*** Opening Records for this task ***
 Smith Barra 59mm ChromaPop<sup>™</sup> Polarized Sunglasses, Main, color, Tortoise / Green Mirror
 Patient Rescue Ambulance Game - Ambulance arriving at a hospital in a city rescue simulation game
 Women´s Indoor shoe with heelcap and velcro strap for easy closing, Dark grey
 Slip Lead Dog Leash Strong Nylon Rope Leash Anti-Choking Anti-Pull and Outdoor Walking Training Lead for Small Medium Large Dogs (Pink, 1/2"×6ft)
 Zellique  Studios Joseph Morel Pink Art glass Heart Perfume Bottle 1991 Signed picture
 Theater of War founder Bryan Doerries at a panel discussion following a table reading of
*** Closing Records for this task ***
*** Opening Records for this task ***
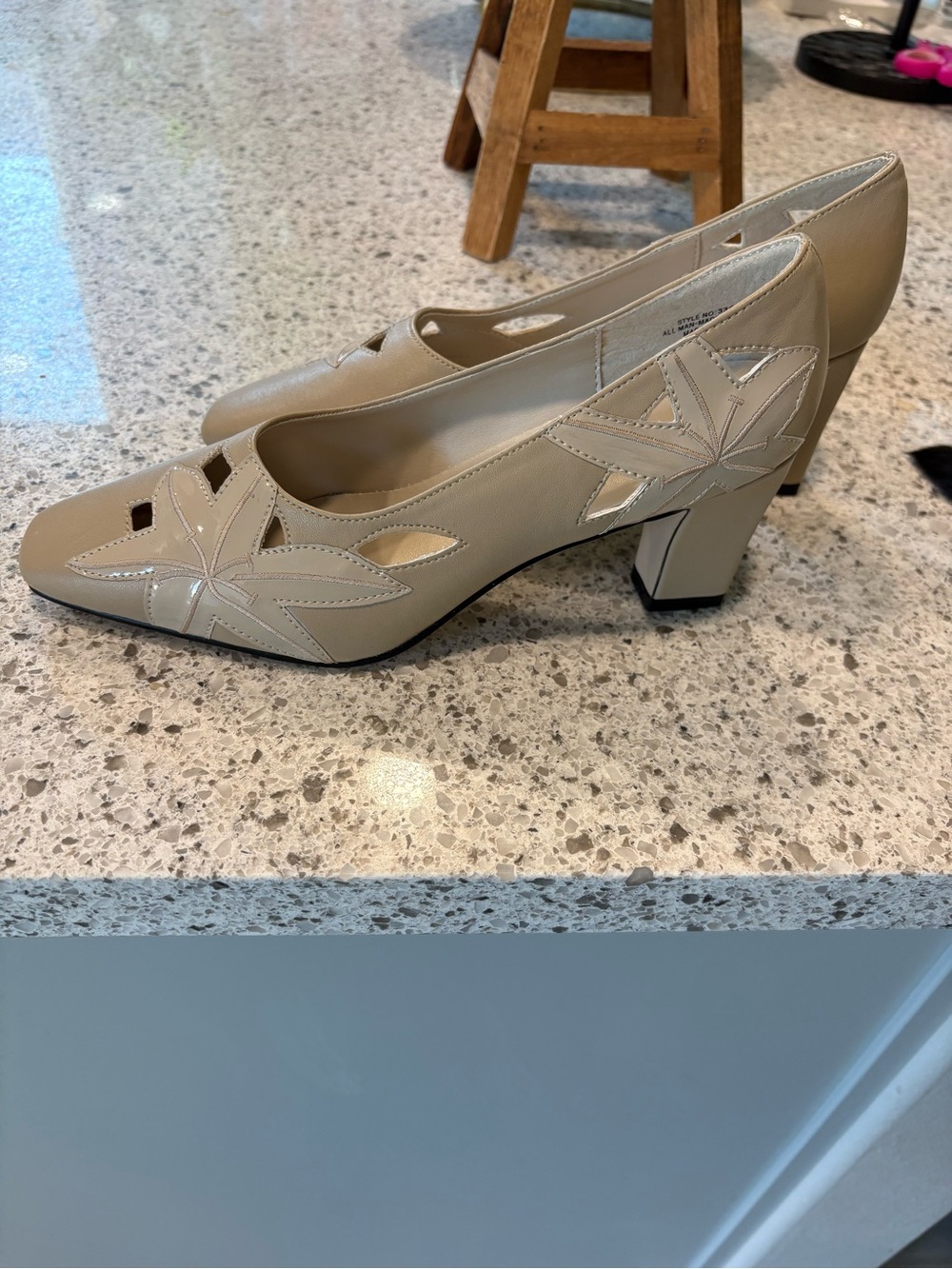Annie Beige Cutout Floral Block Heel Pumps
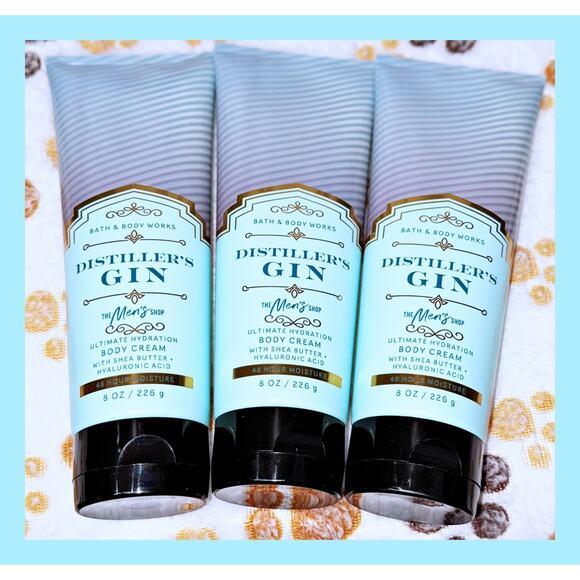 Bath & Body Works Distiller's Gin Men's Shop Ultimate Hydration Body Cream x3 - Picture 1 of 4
*** Closing Records for this task ***
*** Opening Records for this task ***
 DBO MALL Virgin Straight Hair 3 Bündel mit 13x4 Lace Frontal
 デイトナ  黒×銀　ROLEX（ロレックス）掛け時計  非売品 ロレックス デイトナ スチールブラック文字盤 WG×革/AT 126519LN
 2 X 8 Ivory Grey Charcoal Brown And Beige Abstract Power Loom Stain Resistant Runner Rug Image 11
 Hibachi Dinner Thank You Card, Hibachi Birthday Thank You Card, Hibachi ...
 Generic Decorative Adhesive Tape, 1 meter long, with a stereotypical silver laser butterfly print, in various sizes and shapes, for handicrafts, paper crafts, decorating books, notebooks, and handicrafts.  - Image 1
*** Closing Records for this task ***
**What the task requires:**
Would you copy out exactly the lines above that start at the one containing "Patient Rescue Ambulance" and end at the one containing "1991 Signed picture", inclusive?

**Solution for this exercise:**
 Patient Rescue Ambulance Game - Ambulance arriving at a hospital in a city rescue simulation game
 Women´s Indoor shoe with heelcap and velcro strap for easy closing, Dark grey
 Slip Lead Dog Leash Strong Nylon Rope Leash Anti-Choking Anti-Pull and Outdoor Walking Training Lead for Small Medium Large Dogs (Pink, 1/2"×6ft)
 Zellique  Studios Joseph Morel Pink Art glass Heart Perfume Bottle 1991 Signed picture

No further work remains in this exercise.